In conventional semiconductor packaging processes, a resin material is used to encapsulate the semiconductor die. Since these packages need to be connected to printed circuit boards or other devices, it is necessary to avoid depositing the resin on the electrical contact leads. The typical mold cavity does not form a perfect seal with the surfaces and edges of the device enclosed by the cavity. Wherever gaps exist between the mold cavity and the device, there is a potential for resin material to be deposited in unwanted areas. This unwanted layer of mold compound resin, or resin and fillers is called flash. The thickness of the flash can vary from a thickness of a few microns up to a thickness of tens of microns and depends on the composition of the mold compound (e.g. epoxy resin and filler distribution and size), the mold press clamping tonnage, the mold pressure used, and the design of the tool cavity. When flash forms on electrical contact leads, for instance, post-plating operations cannot proceed since metal cannot be deposited on the insulating layer. Typically, flash can be removed by a number of operations such as, but not limited to, sandblasting, wet chemical exposure, and flame-off.
Flash is especially troubling when implementing the solder uplink concept disclosed in U.S. Pat. No. 6,364,542, “Device and method for providing a true semiconductor die to external fiber optic cable connection”, which is hereby incorporated in its entirety by reference. FIG. 1 illustrates a cross-sectional view of a stacked molded package as constructed according to current manufacturing techniques. The solder uplink concept, illustrated in FIG. 1, involves the fabrication of a stacked molded package 100 by connecting a mother package 105 to a daughter package 155 through solder bump pads 115. The problem is that it has been found that the typical transfer molding operation with standard mold tooling creates a thin flash layer covering some or all of the top surfaces of the solder bump pads 115 that are intended to be exposed through the molding material 135 on the mother package 105. FIG. 2A illustrates an isometric view of the injection molding process. In FIG. 2A, the molding compound 135 is shown flowing across the mother integrated circuit die 110. Note that the inside bottom surface 210 of the mold cavity 215 makes contact with the top surface of the solder balls 115. Note further the formation of flash 200 on the top surface of the solder balls 115. Specifically, flash 200 is represented where molding material 135 flows onto the top surfaces of solder balls 115. This occurs because a standard mold chamber has surfaces that are not completely smooth. Typically, a mold chamber surface will have a roughness of approximately 1.2 RA (micron average roughness) or more. The roughness of the mold chamber surface allows gaps 205 to form between the inside surface 210 of the mold chamber and the top surface of the solder balls 115. Molding resin and/or fillers seep between inside bottom surface 210 of mold cavity 215 and the tops of the solder bump pads 115. FIG. 2B illustrates a magnified view of how molding material 135 flows into gaps 205 left between inside bottom surface 210 and the surface of solder bump pads 115, causing flash 200. In this case, flash is catastrophic since the resin layer prevents good mechanical and electrical contact between solder balls 115 on mother package 100 and solder balls 150 on daughter package 155.

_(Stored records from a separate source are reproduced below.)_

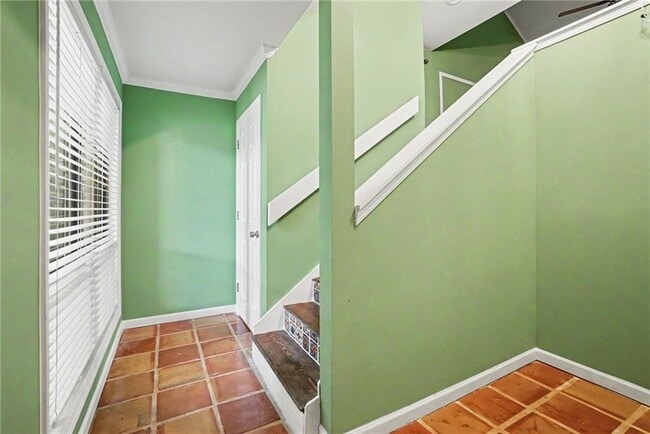 Photo - 1006 Creatwood Cir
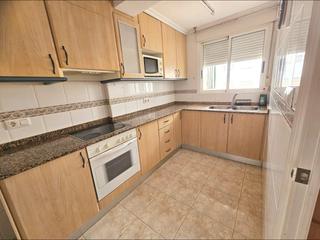 Appartement à Pont Nou - Corazón de Jesús. Te presentamos esta vivienda de 4 habitaciones, balcon y terraza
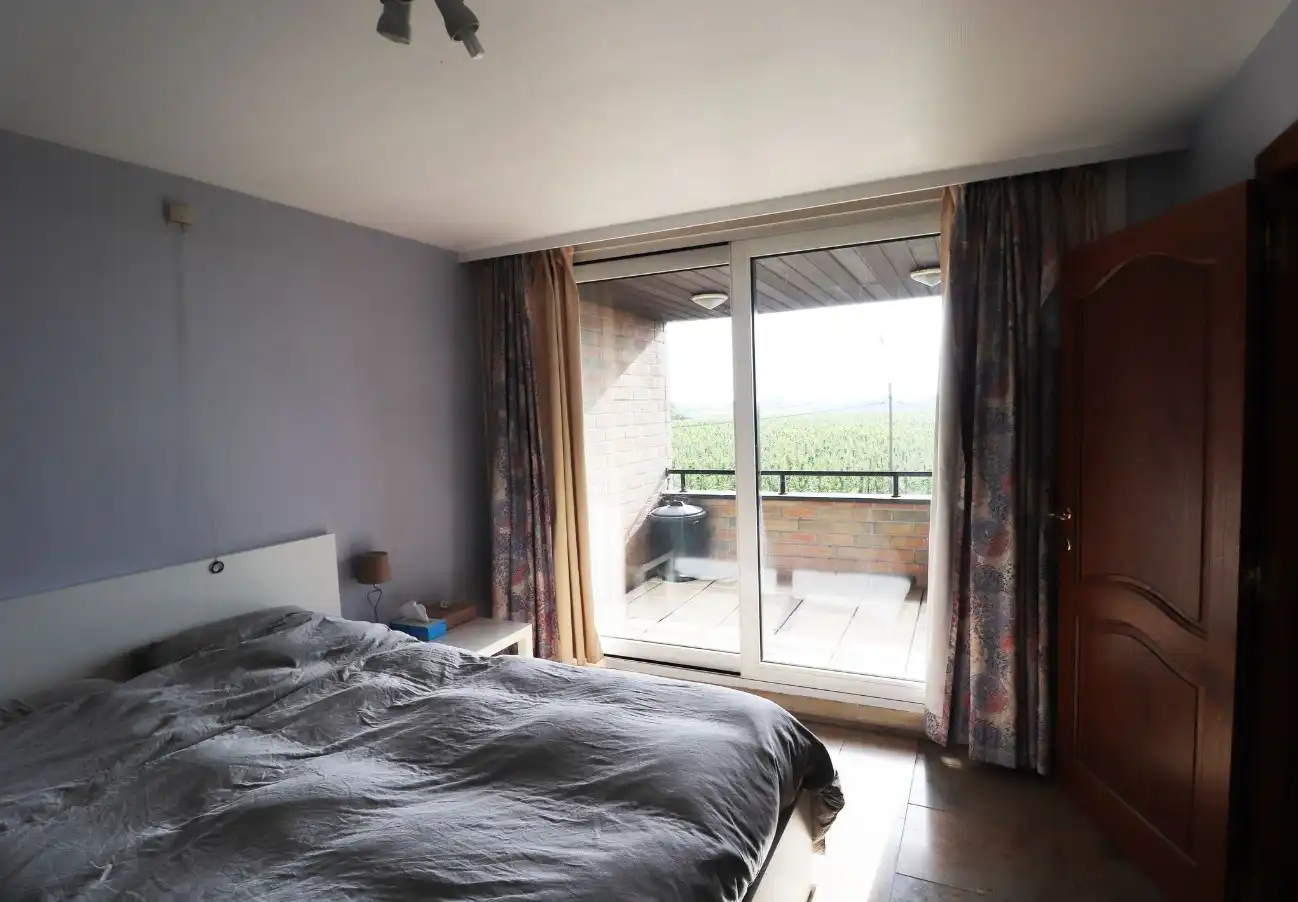 Zeer ruim appartement met verzicht foto 6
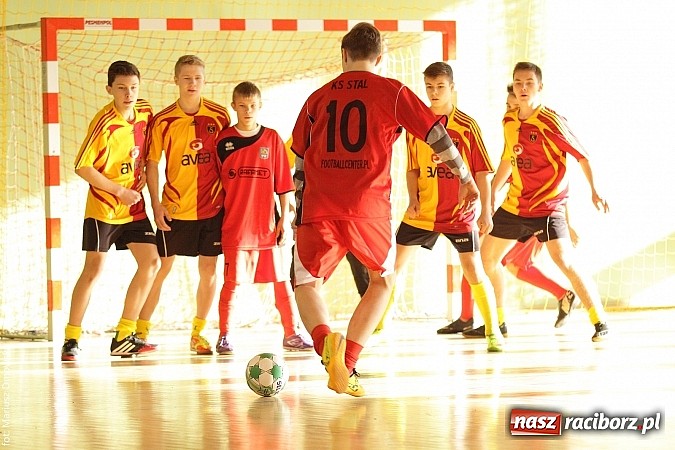 Zdjęcie w galerii na portalu naszraciborz.pl: Puchar starosty w rękach raciborskiej Unii wiadomości z regionu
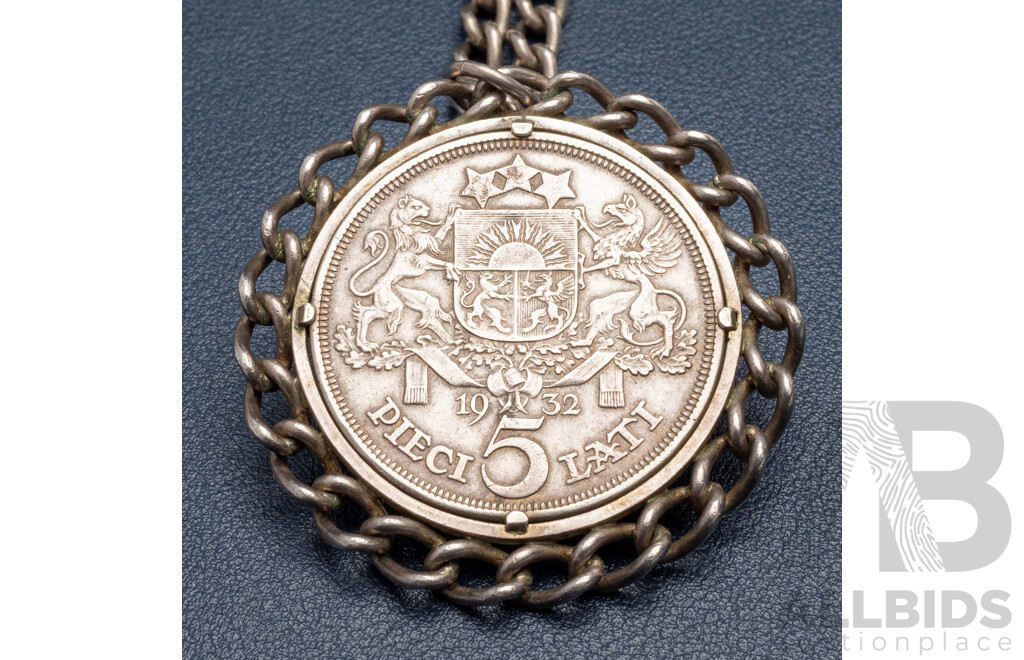 Sterling Silver 1932 Latvia 5 Lati Silver Coin Pendant on 75cm Sterling Chain, 91.06 Grams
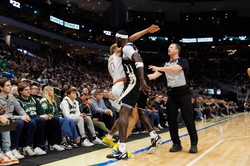 Sochan wdał się w przepychankę na parkiecie. Polak nie zamierzał odpuścić [WIDEO]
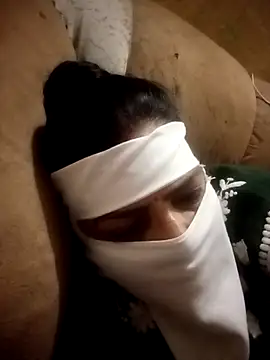 Love-890 online show from November 3, 2025, 2:18 pm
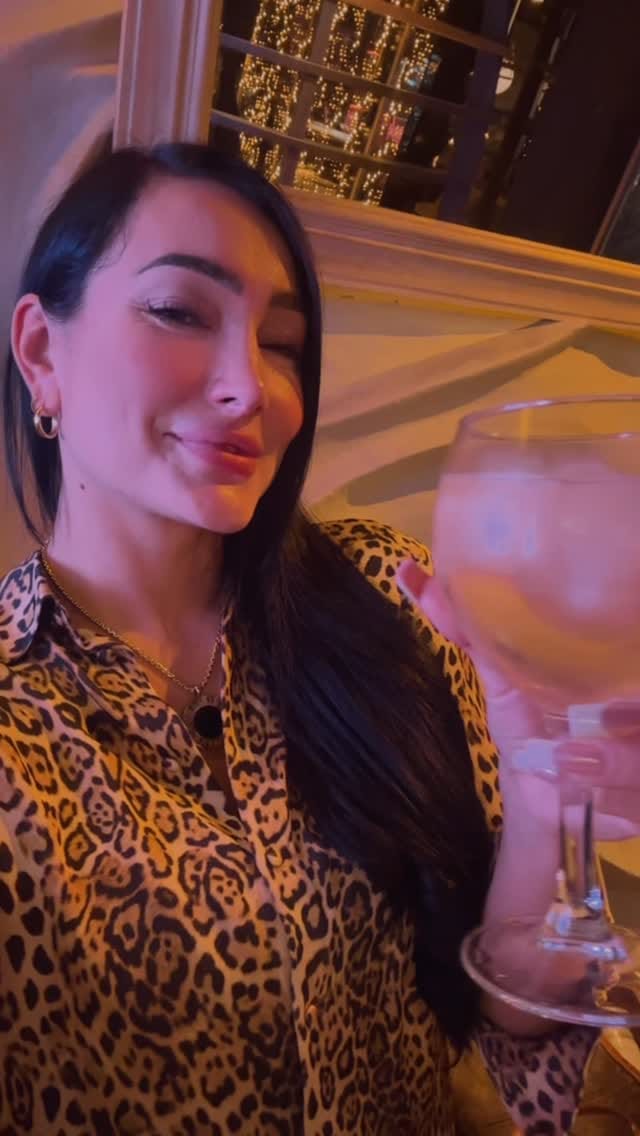 Post 5 by Angelica Gomez Micropigmentación Natural on Instagram (video)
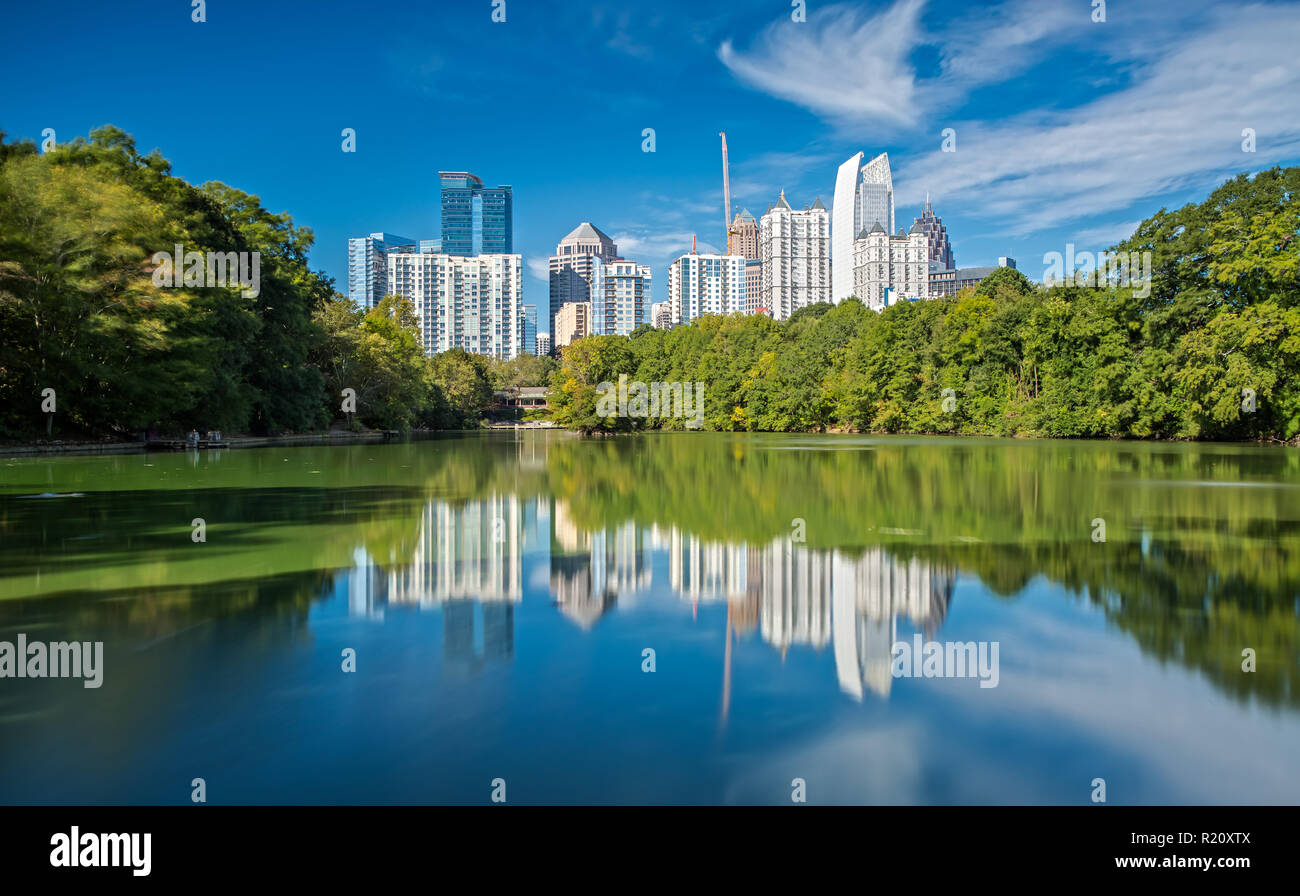 Atlanta Skyline von Piedmont Park Stockfoto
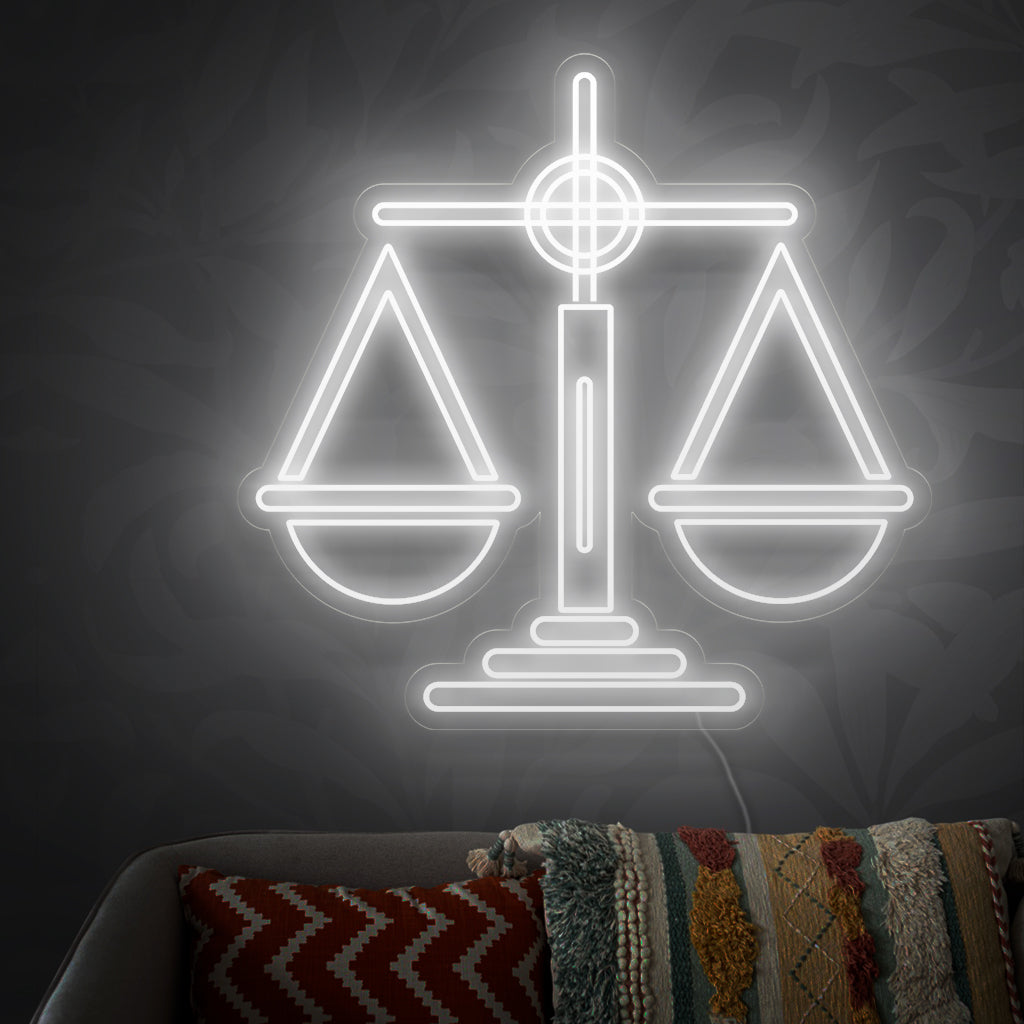 „Scales Neon Sign“ symbolisiert Gleichgewicht und Gerechtigkeit, wirft einen raffinierten und harmonischen Schein in Ihren Raum und verleiht Ihrer Einrichtung eine elegante Note.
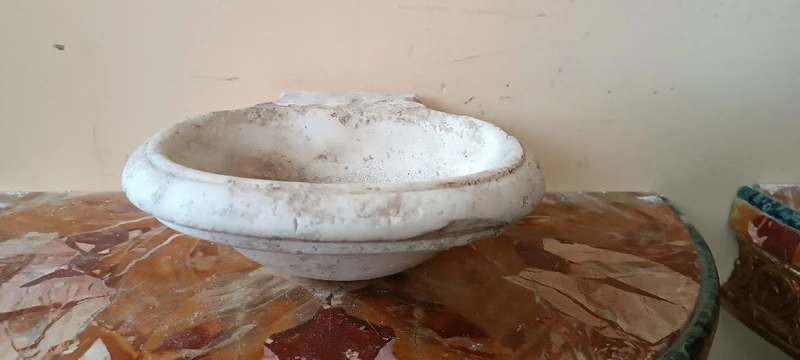 Piccola acquasantiera antica in marmo XVII secolo toscana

Unfortunately, conventional means of removing flash are not desirable since they are slow and require additional equipment. It is desirable to develop techniques for creating flash free solder bump contacts on the top surface of semiconductor packages without the use of additional equipment or processing steps. Eliminating flash in the production of the mother package 100 will simplify the manufacturing steps, reduce costs, and enhance the reliability of the resulting module.